5.2. Distributions for the Year of Retirement, Disability
Distributions for a Participant for the Year of such Participant's
Retirement, death or Disability shall be on the same basis as for all
Other Participants.
5.3. Bonus Bank Distributions the Year Following the Year of
Retirement, Death or Disability
Bonus Bank Distributions to a Participant in the Year immediately
following the Year of such Participant's Retirement, death or
Disability shall be calculated in the same way as for all other
Participants, except that no adjustments for performance achieved
beyond the year of death or Disability shall be allowed in the case of
Participants who have experienced a termination by reason of death or
Disability. Adjustments to the Bonus Bank for individuals who have
experienced a Retirement will be the same as for all other
Participants for the Year of Retirement. Bonus Bank adjustments, if
any, for the Year immediately subsequent to the Year of Retirement for
such Participants may only be negative, and then only if the Actual
ROC is such that the Performance Factor for the Year subsequent to
Retirement is negative. Such calculations will be based upon the
Participant's Target Bonus Amount for the twelve months immediately
preceding retirement.
Complete Distribution of Bonus Banks of individuals who have
experienced a termination by reason of Retirement, death or Disability
shall be accomplished no later than the Distribution Date for the Year
following the Year of Retirement, death or Disability, even though
<PAGE> 27
such Distribution may exceed twice the terminated Participant's Target
Incentive Amount.
6. Beneficiary Designation
The Participant shall have the right, at any time and from time to
time, to designate and/or change or cancel any person/persons or
entity as to his Beneficiary (both principal and contingent) to whom
Distribution of Award(s) and/or Bonus Bank(s) under this Plan shall be
made in the event of such Participant's death prior to a Distribution.
Any Beneficiary change or cancellation shall become effective only
when filed in writing with the Committee during the Participant's
lifetime on a form provided by or otherwise acceptable to the Company.
The filing of a new Beneficiary designation form will cancel all
Beneficiary designations previously filed. Any finalized divorce of a
Participant subsequent to the date of filing of a Beneficiary
designation form shall revoke any prior designation of the divorced
spouse as a Beneficiary. The spouse of a Participant domiciled in a
community property jurisdiction shall be required to join in any
designation of Beneficiary other than the spouse in order for the
Beneficiary designation to be effective.
If a Participant fails to designate a Beneficiary as provided above,
or, if such Beneficiary designation is revoked by divorce, or
otherwise, without execution of a new designation, or if all
designated Beneficiaries predecease the Participant, then the
Distribution shall be made to the Participant's estate.
7. Miscellaneous
7.1. Unsecured General Creditor
Participants and their beneficiaries, heirs, successors and assigns
shall have no legal or equitable rights, interests, or other claim in
any property or assets of the Employer. Any and all assets shall
remain general, unpledged, unrestricted assets of the Employer. The
Company's obligation under the Plan shall be that of an unfunded and
unsecured promise to pay money in the future, and there shall be no
obligation to establish any fund, any security or any otherwise
restricted asset, in order to provide for the payment of amounts under
the Plan.
7.2. Obligations To The Employer
If a Participant becomes entitled to a Distribution under the Plan,
and, if, at the time of the Distribution, such Participant has
outstanding any debt, obligation or other liability representing an
amount owed to the Employer, then the Employer may offset such amounts
owing to it or any affiliate against the amount of any Distribution.

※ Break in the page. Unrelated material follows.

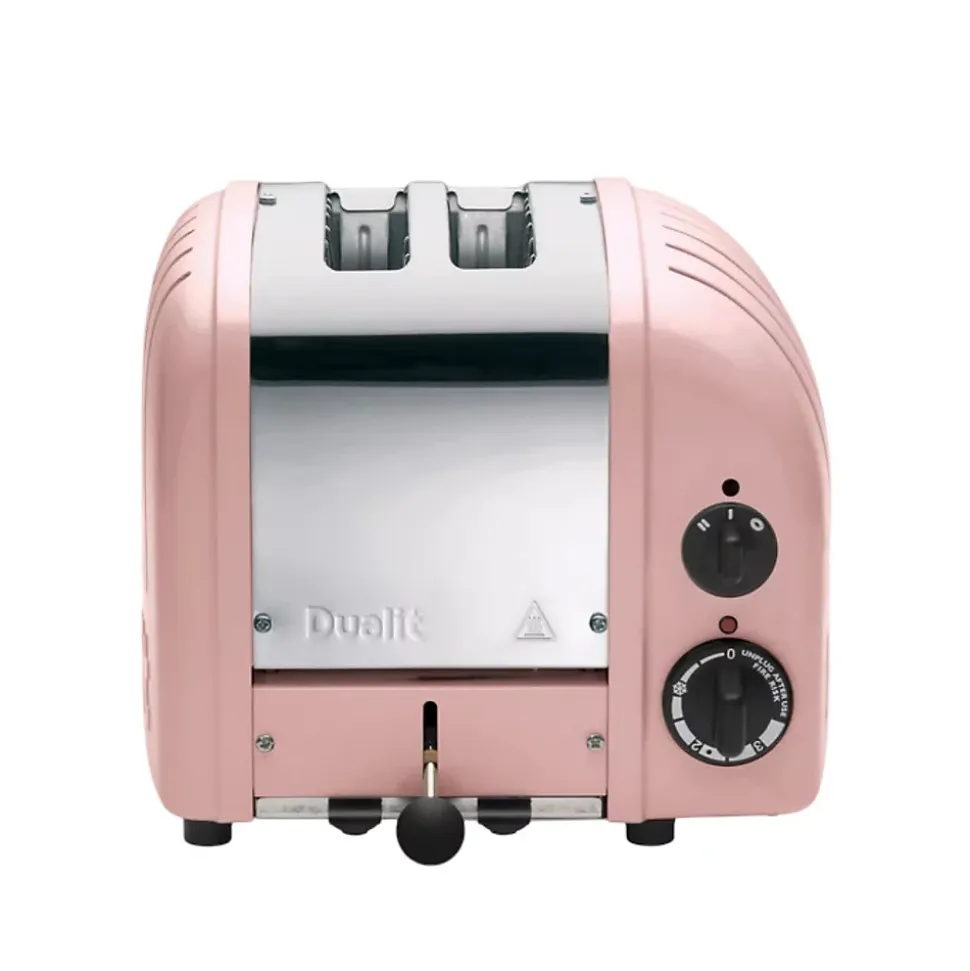 Grille-pain 2 fentes newgen rose Dualit 27041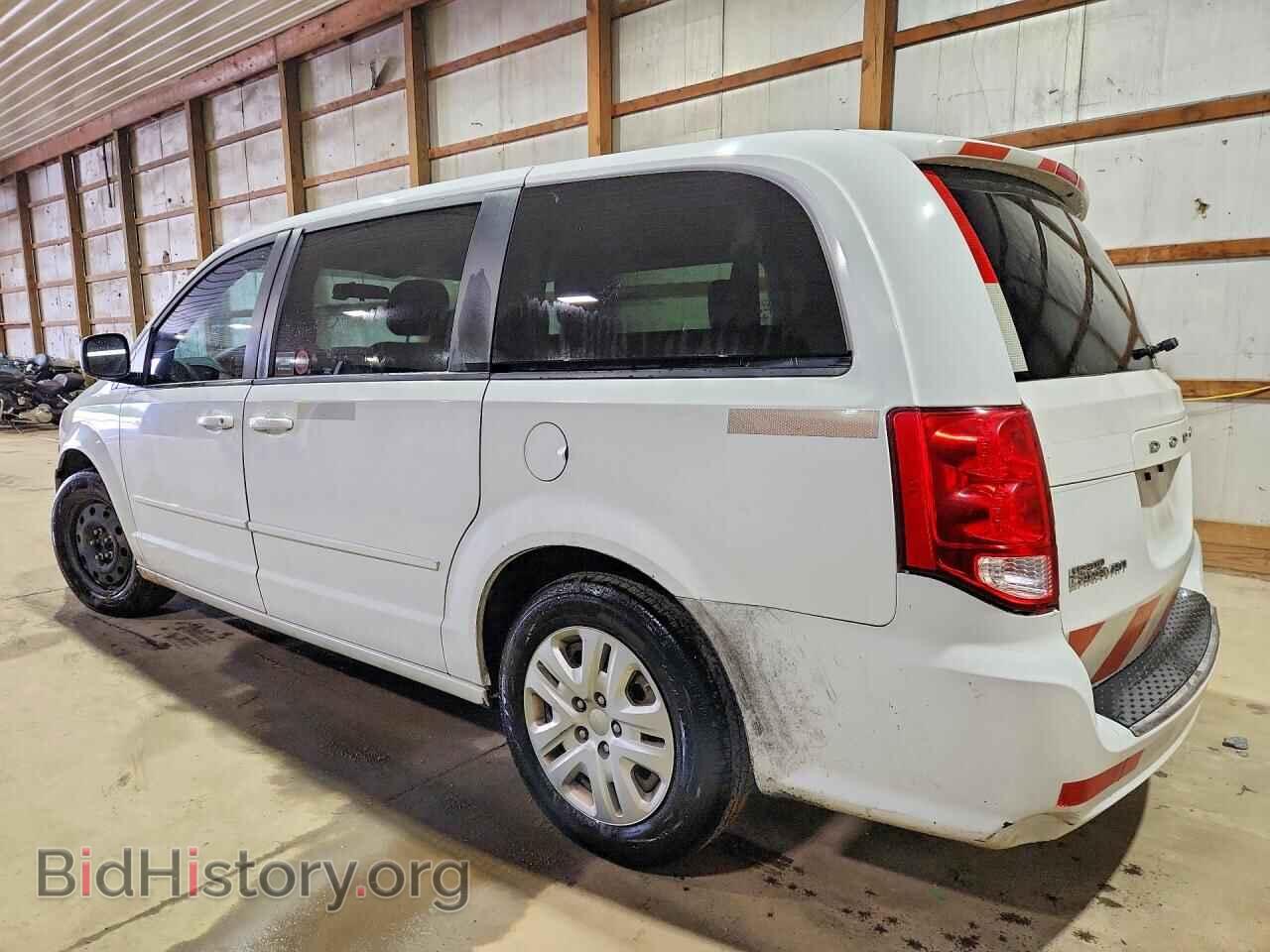 2016 DODGE CARAVAN - VIN: 2C4RDGBG1GR130870 - Photo 2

Such determination shall be made by the Committee. Any election by the
Committee not to reduce any Distribution shall not constitute a waiver
of any claim for any outstanding debt, obligation, or other liability
representing an amount owed to the Employer.
7.3. Nonassignability
Neither a Participant nor any other person shall have any right to
commute, sell, assign, transfer, pledge, anticipate, mortgage or
<PAGE> 28
otherwise encumber, transfer, hypothecate or convey in advance of
actual receipt the amounts, if any, payable hereunder, or any part
thereof, which are, and all rights to which are, expressly declared to
be unassignable and nontransferable. No part of an Award and/or Bonus
Bank, prior to actual Distribution, shall be subject to seizure or
sequestration for the payment of any debts, Judgements, alimony or
separate maintenance owed by a Participant or any other person, nor
shall it be transferable by operation of law in the event of the
Participant's or any other persons bankruptcy or insolvency.
7.4. Employment or Future Eligibility to Participate Not Guaranteed
Nothing contained in this Plan nor any action taken hereunder shall be
construed as a contract of employment or as giving any Eligible
Employee or any Participant or any former Participant any right to be
retained in the employ of the Employer. Designation as an Eligible
Employee or as a Participant is on a year-by-year basis and may or may
not be renewed for any employment years not yet commenced.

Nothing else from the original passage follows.